**SOURCE INFORMATION**.
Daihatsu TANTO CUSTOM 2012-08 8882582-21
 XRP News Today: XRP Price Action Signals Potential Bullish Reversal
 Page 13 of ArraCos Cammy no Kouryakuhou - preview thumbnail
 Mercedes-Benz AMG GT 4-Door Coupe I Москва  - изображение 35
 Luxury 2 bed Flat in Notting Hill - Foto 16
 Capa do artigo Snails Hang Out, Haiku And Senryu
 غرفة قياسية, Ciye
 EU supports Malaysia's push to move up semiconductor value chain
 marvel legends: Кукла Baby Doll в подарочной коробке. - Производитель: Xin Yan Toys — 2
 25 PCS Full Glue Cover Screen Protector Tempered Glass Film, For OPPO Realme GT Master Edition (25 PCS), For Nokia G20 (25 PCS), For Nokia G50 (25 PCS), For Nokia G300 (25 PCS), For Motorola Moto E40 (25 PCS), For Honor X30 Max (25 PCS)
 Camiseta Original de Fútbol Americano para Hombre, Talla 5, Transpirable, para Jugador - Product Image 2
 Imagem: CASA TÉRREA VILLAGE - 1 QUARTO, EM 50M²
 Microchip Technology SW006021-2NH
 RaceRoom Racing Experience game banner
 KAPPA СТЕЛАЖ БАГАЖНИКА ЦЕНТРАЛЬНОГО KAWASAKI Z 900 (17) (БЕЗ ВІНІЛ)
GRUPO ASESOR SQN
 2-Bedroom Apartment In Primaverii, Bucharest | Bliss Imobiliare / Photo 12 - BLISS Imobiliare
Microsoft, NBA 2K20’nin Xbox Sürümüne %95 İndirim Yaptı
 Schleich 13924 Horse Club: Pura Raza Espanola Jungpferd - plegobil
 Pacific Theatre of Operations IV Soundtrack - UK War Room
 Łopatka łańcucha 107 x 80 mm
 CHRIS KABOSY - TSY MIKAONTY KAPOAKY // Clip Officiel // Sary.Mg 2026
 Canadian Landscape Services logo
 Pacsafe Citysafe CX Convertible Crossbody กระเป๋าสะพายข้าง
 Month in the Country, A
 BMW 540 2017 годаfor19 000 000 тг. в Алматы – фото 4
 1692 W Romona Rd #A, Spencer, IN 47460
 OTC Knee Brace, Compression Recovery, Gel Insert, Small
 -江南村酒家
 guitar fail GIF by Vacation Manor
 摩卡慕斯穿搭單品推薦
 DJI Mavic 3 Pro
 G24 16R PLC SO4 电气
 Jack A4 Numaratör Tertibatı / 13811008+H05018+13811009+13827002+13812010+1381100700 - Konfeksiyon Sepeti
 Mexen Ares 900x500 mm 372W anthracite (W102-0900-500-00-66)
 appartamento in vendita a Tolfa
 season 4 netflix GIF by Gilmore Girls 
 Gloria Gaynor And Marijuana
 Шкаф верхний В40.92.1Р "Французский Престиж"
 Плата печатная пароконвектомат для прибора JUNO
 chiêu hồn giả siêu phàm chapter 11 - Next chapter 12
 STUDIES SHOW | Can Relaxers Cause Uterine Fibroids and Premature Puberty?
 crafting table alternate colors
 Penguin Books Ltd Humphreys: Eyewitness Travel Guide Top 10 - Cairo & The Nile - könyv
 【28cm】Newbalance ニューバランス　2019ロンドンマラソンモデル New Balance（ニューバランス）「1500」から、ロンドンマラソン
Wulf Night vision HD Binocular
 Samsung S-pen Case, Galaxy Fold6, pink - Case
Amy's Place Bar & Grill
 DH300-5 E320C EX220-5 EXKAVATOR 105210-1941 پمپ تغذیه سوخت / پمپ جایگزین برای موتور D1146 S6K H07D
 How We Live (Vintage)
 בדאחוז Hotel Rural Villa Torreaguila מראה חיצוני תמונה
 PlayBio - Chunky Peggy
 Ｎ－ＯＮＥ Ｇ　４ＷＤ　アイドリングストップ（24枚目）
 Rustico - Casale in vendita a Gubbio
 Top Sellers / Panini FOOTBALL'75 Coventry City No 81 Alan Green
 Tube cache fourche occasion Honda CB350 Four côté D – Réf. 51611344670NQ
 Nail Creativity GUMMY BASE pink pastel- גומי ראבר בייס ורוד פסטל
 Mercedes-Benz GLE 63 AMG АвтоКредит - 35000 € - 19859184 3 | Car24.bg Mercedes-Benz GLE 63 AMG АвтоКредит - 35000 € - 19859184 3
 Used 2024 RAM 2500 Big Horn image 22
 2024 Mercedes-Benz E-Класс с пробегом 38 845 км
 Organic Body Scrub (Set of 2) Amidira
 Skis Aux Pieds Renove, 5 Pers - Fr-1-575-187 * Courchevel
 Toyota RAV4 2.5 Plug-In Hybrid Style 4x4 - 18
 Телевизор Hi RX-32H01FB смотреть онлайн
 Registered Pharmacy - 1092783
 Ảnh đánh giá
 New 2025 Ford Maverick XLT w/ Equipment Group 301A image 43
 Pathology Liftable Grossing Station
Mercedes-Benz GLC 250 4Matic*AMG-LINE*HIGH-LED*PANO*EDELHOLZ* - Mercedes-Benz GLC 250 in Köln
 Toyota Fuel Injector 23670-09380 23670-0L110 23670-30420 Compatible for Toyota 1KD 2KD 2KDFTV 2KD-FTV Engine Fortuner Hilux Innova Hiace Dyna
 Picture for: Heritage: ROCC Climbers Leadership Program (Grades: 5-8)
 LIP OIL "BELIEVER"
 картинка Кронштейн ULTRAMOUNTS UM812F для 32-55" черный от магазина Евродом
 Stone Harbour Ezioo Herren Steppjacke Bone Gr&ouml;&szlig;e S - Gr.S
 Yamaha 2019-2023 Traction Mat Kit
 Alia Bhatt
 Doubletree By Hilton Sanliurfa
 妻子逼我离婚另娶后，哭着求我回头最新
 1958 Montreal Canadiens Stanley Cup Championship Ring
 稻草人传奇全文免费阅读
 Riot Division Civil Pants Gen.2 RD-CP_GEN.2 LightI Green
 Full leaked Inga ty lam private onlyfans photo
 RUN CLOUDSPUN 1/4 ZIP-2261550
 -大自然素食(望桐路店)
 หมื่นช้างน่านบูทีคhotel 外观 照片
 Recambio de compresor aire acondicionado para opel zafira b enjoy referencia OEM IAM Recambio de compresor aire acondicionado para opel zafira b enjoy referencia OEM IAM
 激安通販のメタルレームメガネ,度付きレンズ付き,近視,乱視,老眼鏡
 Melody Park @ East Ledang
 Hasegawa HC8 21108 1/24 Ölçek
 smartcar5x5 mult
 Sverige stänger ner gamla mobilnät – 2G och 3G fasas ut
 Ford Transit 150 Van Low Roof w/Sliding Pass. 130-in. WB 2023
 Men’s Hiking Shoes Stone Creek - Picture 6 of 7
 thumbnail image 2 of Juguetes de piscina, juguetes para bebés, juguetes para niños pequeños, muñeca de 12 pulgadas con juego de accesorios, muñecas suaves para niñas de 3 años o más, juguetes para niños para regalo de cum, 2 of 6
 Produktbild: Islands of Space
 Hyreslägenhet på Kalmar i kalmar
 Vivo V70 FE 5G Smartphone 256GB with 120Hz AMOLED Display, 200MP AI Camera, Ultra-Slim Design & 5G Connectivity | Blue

**TASK PROMPT**. Reply with nothing except the number of lines in the records that include the word "Mercedes".

**RESULT FOR THIS EXERCISE**. 4